Individual Feature Parallel Corpora Generation

Generate all individual features of parallel corpora at once.

python parallel_corpora_gen_script.py \
    INPUT_CSV_PATH \
    OUTPUT_CSV_PATH

INPUT_CSV_PATH: the path for the input csv data, which will contain the raw script. The evaluation_set.csv gives the correct column names. OUTPUT_CSV_PATH: the path for the output file. It will be a csv file containing all the script that the individual features are transferred.

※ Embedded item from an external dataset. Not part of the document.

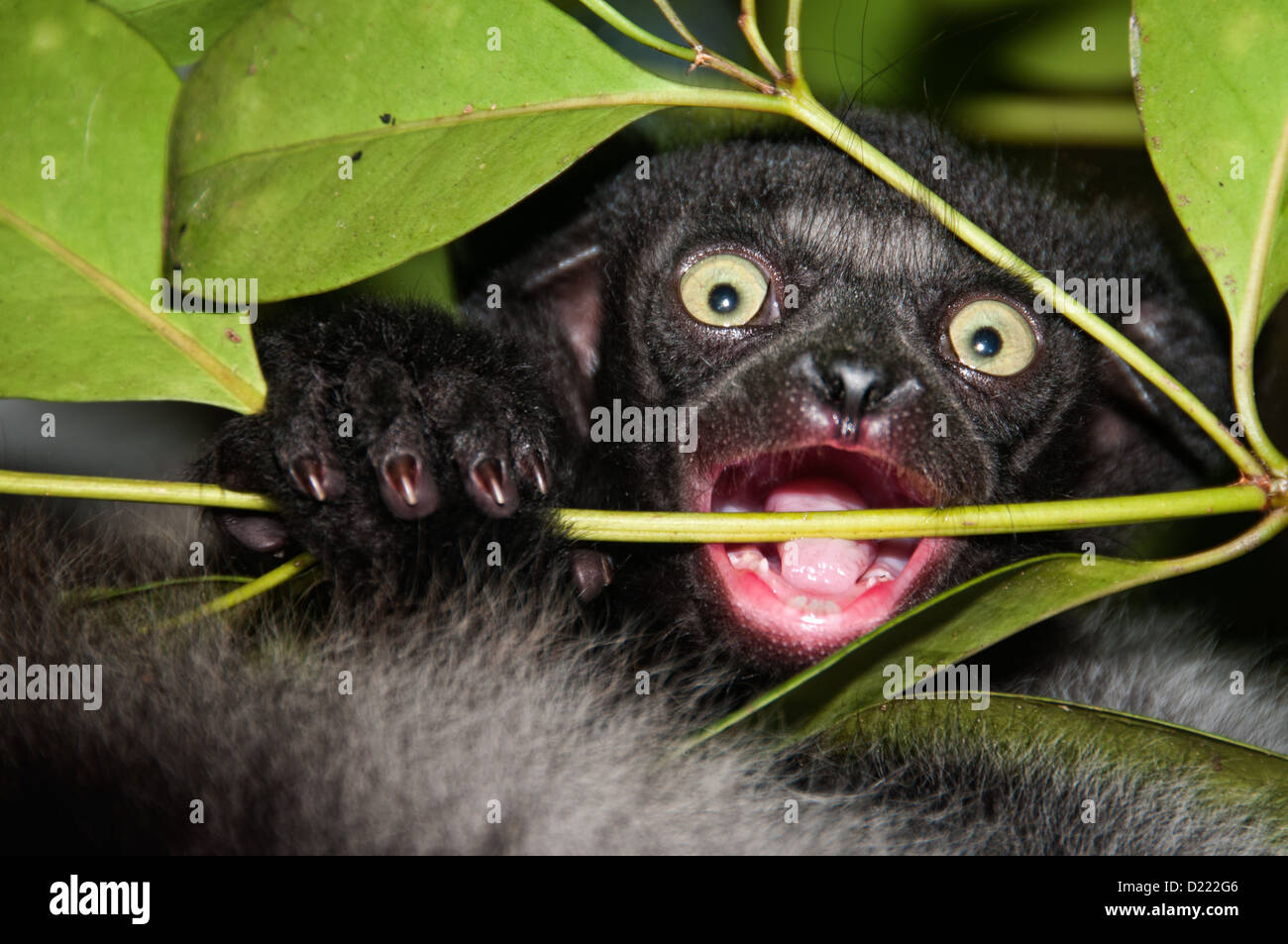 Baby di un lemure Indri Indri, ancora portato e alimentato da sua madre Foto Stock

Combined Feature Parallel Corpora Generation

python combined_parallel_gen_script.py [OPTIONS] TARGET_FEAT

Arguments:
  TARGET_FEAT  [required]

Options:
  --csv-name TEXT
  --output-dir TEXT
  --is-short TEXT                 [default: False]


Example: 
python combined_parallel_gen_script.py comment+docstring \
--csv-name /data/curated_eval_set/eval_set_short_individual_feat.csv \
--output-dir /data/curated_eval_set \
--is-short True
  • TARGET_FEAT: Any combination of the feature that to be transferred and should be combined with +, i.e. comment+docstring

  • csv-name: Input CSV file, should be the file with all individual feature transfer scripts.

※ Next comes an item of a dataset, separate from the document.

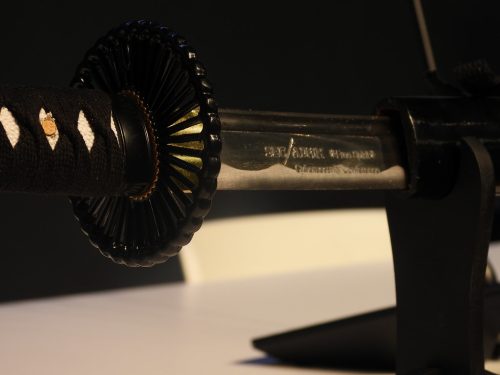 dscn0474 49132553568 l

  • output-dir: The output location

  • is-short: Whether the input script is the shorten version(in the range of the max length)

Splitting Long Sequences

For keeping dataset in the range of the max sequence length, use this script for filtering out the short sequence data and extracting function/class level codes out of the long sequences. The output will be 2 files: short and long datasets.

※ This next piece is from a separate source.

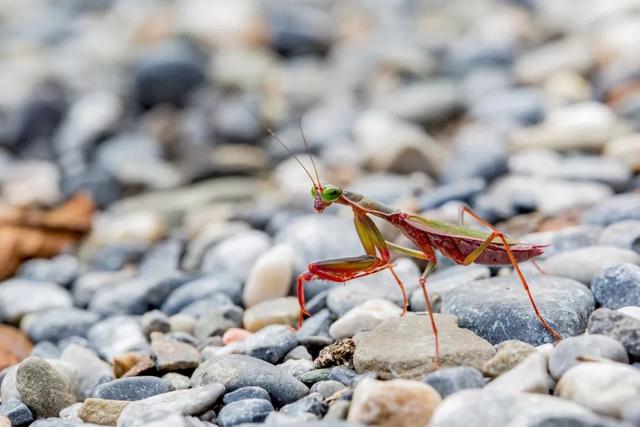 ��Щ��Ӱʦ�����������涯�Ҳ������������ʧ�ľ���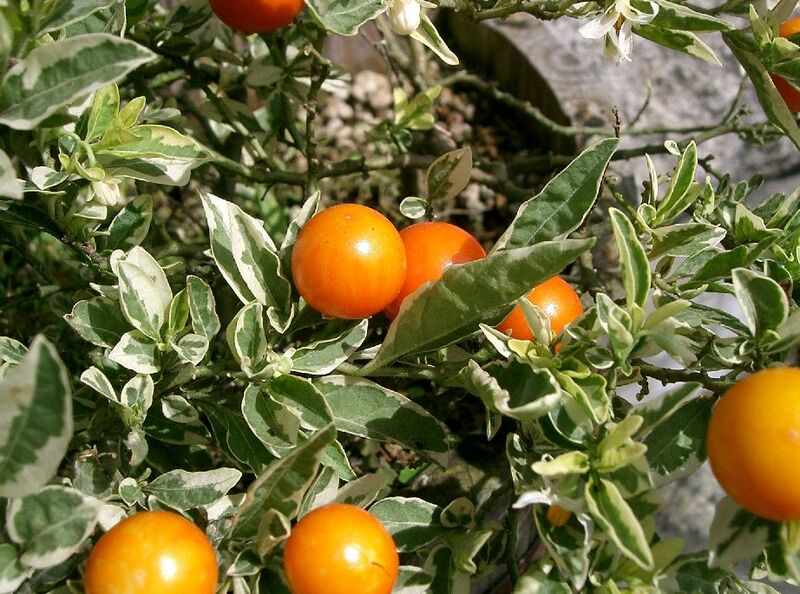 File:Solanum pseudocapsicum2.jpg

python split_long_data.py [train|eval]

You will need to configure the file path inside the script.

GAN Training

GAN Training(not used)

Modify the setup in config.py before starting the training. This may not work really well, need to make deeper inspection on the training process. The gpu.py will select the free-most GPU for training.

export CUDA_VISIBLE_DEVICES=$(python gpu.py | tail -n 1); python train.py

End-to-End Training Pipeline Instruction

1. Parallel Corpus Tokenization

Tokenizing and filtering out all the NULL value examples.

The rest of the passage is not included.